I was looking through my games collection the other day, seeing which one would strike my fancy, when my hand drew back from the copy of
Mirror’s Edge sitting next to my cabinet. It wasn’t a dramatic gesture—it was more of a slight, backward motion, as if my fingers balked at the idea of touching the case. I own plenty of games that I don’t give the time of day most of the time (sorry,
Dead Space, I’m just not that into you). But DICE’s latest brings out that faint sense of revulsion that comes from leaving something organic in the back of the car for a few months.
I’m hesitant to label my feelings as “dislike” and be done with it. When I was playing
Mirror’s Edge, I felt two alternating emotions, both of which I felt intensely. The first was the sensation of pure momentum heightened by the game’s ability to make me feel clever. Every mission had a section or two that I flew through without interruption. Each mission also had several sections that demanded either an obtuse sequence of movements discernable after brutal trial-and-error; exact timing that I am not sure I could ever replicate again; or a gauntlet of soldiers who, unlike most first-person games, can shoot accurately. The schizophrenic result was enough to make me reach for the lithium.
Maybe I’m just feeling some sort of Stockholm syndrome to cover the painful psychic scars. I sunk $60 and ten hours into the dream of EA releasing a good, new IP, and in return, I received a hand-job followed by a kick in the balls. That had better been a good handy.
Another part of me wants to believe that I’ve become a better person after forcing myself to finish
Mirror’s Edge. Too many narrative-based games like
Mass Effect and
Fable II have made me soft. Those games want me to finish them, want me to soak in their honeyed plots and praise them for their storytelling prowess.

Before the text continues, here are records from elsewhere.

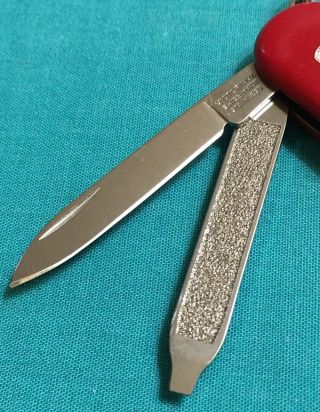 RARE Victorinox Swiss Army Pocket Knife - Red Classic SD Cow Design - Multi Tool 4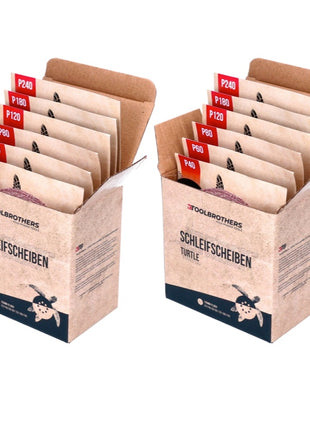 Toolbrothers TURTLE Schleifset 2 Packungen 120x Schleifscheiben 125mm Klett 8 Loch je 20x P40 / P60 / P80 / P120 / P180 / 240 für Hartholz, Weichholz, Lack, Stein, Stahl, Aluminium, Furnier - Toolbrothers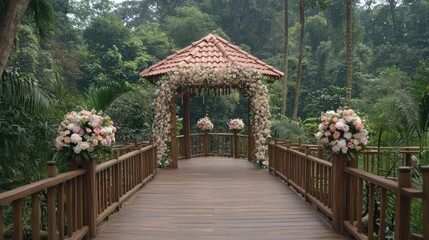 Obraz premium Romantic Gazebo Wedding Bridge in Lush Forest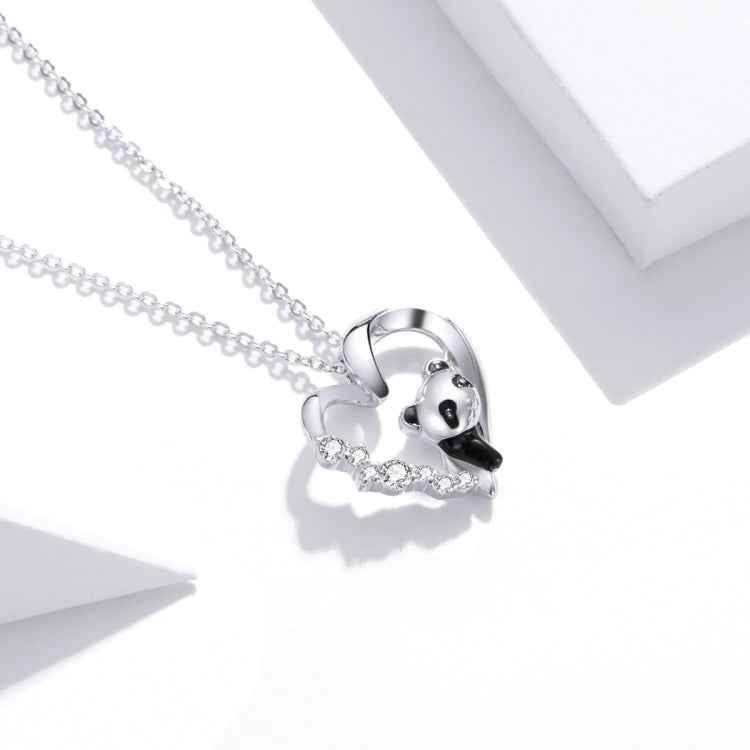 S925 Sterling Silver Heart-shaped Panda Women Nacklace Jewelry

Mirror’s Edge doesn’t care if I’m invested in the plot or not. It never reveals exactly what turned the country into the glaring, inorganic monstrosity as it appears in the game; we must content ourselves with Faith’s sparse background information, which says that the government wanted to control everything, and although some people fought it for awhile, eventually they quit and accepted the tyrannical yoke. Overall, I would have preferred something akin to the Metal Gear
VR Missions game—no real story motivates the player, only a desire to complete the scenarios.
Come to think of it,
Mirror’s Edge almost seems like it doesn’t care if I’m enjoying the game at all. The squint-inducing color palette, the sickening crunch at the end of a fall, the frustrating accuracy of soldiers, the capricious “Runner Vision”—all of the elements conspire to evoke antipathy and rage. So I suffered through a vanilla story and questionable level design, and instead of returning the game after the first hour, I persevered. I gritted my teeth, took my lumps, and threw Faith off buildings until I got it right. This must be how those arcade junkies feel after topping the high score in
Frogger. Or perhaps it’s more akin to an old-time Puritan’s self-flagellation, paying for my sins by indulging in a little masochism. Either way, I’m afraid I’m stuck with
Mirror’s Edge until I die. It’s not so bad—it lets me wear the gimp mask.